| Assignment |
Where the line containing "Les compos officielles" appears below, start there and repeat each line exactly to the end. Leave the pictures out.

++++ Data section

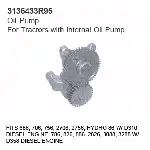 3136433R95 CASE / IH OIL PUMP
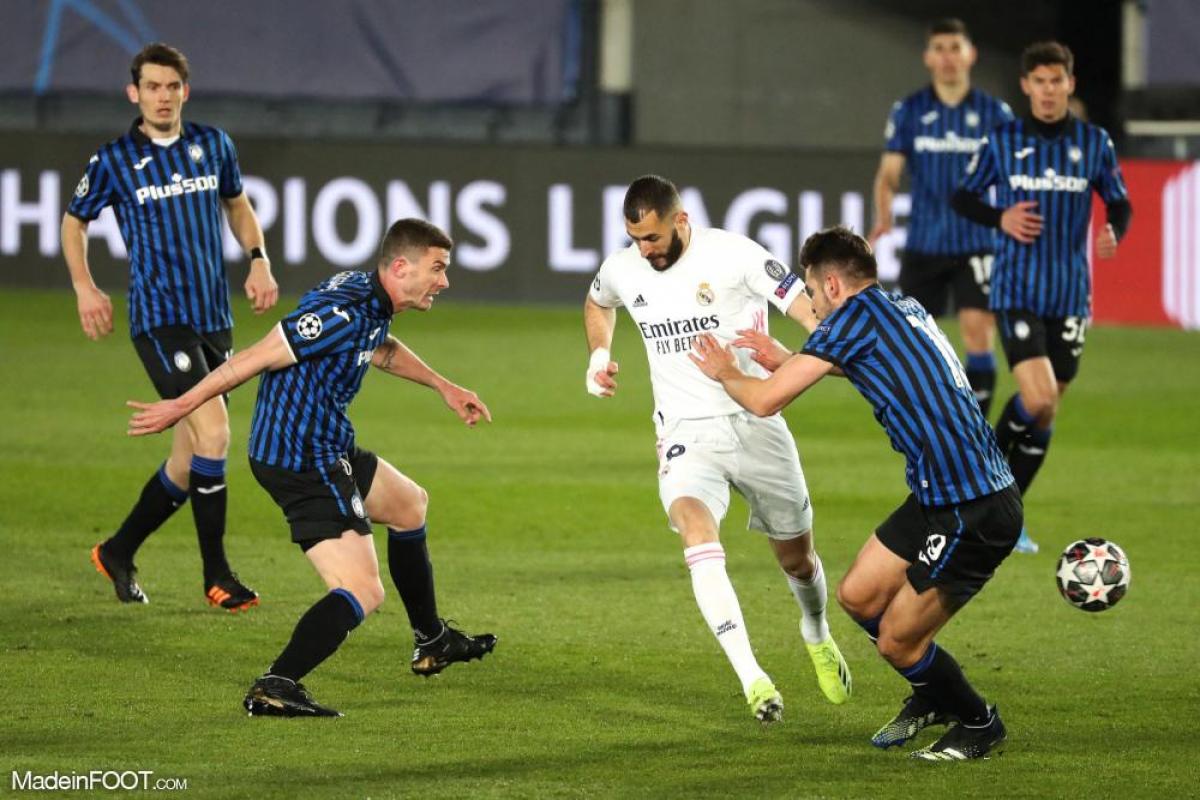 Les compos officielles du match entre le Real Madrid et Chelsea.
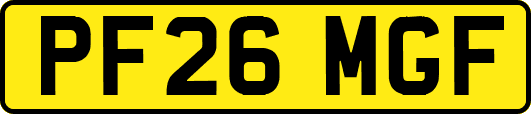PF26MGF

++++++++

| Solution to this task |
 Les compos officielles du match entre le Real Madrid et Chelsea.
PF26MGF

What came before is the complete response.